Visionário, profeta e formidável pregador apocalíptico, obcecado com a maldade humana e convencido de que a ira de Deus estava prestes a cair sobre a Terra, ele detestava praticamente todas as formas de prazer e relaxamento.
Seus adversários chamavam Savonarola e seus seguidores de “piagnoni” — chorões —, e ele reprovava severamente piadas e frivolidade, poesia e tavernas, sexo (especialmente a variedade homossexual), jogos de azar, roupas finas, jóias e luxo de todo tipo.
Denunciou as obras de Boccaccio, pinturas de nus, imagens de divindades pagãs e toda a cultura humanista do Renascimento italiano. Pediu leis contra o vício e a frouxidão.
Colocou um fim aos carnavais e festivais que os florentinos tradicionalmente apreciavam, substituindo-os por festas religiosas, e empregou jovens na rua como uma Gestapo júnior para farejar itens suspeitos.
A famosa “Fogueira das Vaidades”, em 1497, tinha jogos, cartas, máscaras de carnaval, espelhos, enfeites, estátuas, livros supostamente indecentes e imagens. O frei também desaprovava especulações financeiras e empresários.
Não surpreendentemente, Savonarola fez muitos inimigos poderosos. Entre eles estava o papa Borgia, Alexandre VI, que tinha boas razões para se sentir desconfortável com as denúncias de luxo da Igreja e de seus líderes e que acabou excomungando o dominicano.

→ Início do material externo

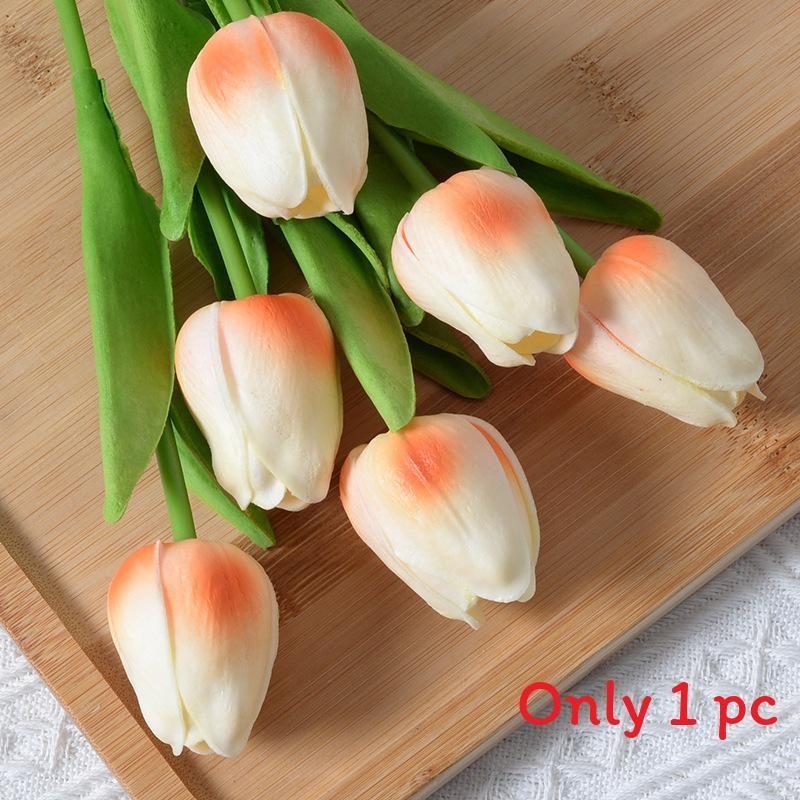 Artificial Realistic Plant Tulipa Gesneriana For Display And Decoration Event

No Domingo de Ramos de 1498, o convento de São Marcos foi atacado por uma multidão e Savonarola foi preso pelas autoridades de Florença juntamente com dois frades que estavam entre seus seguidores mais ardorosos, frei Silvestro e frei Domenico.
Todos os três foram torturados antes de condenados como hereges e entregues a dois comissários papais que viajaram diretamente de Roma em 19 de maio. “Teremos uma bela fogueira”, disse o comissário mais velho, “pois trago a condenação comigo”.
Na manhã do dia 23 daquele mês, uma multidão de florentinos se reuniu na Piazza della Signoria, onde um andaime havia sido erguido sobre uma plataforma (uma placa marca o local hoje). Um forca foi armada para para pendurar os três frades. Madeira para queimá-los foi acumulada embaixo.
Algumas pessoas da multidão gritaram xingamentos para Savonarola e seus dois companheiros, que foram deixados em suas túnicas, com os pés descalços e as mãos amarradas, antes de seu cabelo ser raspado, como era costume. Diz-se que um padre perguntou a Savonarola como se sentia sobre o martírio que se aproximava. Ele respondeu: “O Senhor sofreu o mesmo por mim”, e estas foram suas últimas palavras registradas.
Frei Silvestro e frei Domenico foram enforcados primeiro, lenta e dolorosamente, antes de Savonarola subir a escada para ocupar o lugar entre eles. As chamas o engoliram e ele morreu de asfixia por volta das 10h. Ele tinha 45 anos de idade. Alguns dos espectadores explodiram em lágrimas e outros, incluindo crianças, cantaram e dançaram alegremente ao redor da pira, enquanto atiravam pedras contra os cadáveres. O pouco que restou dos três dominicanos foi atirado no rio Arno.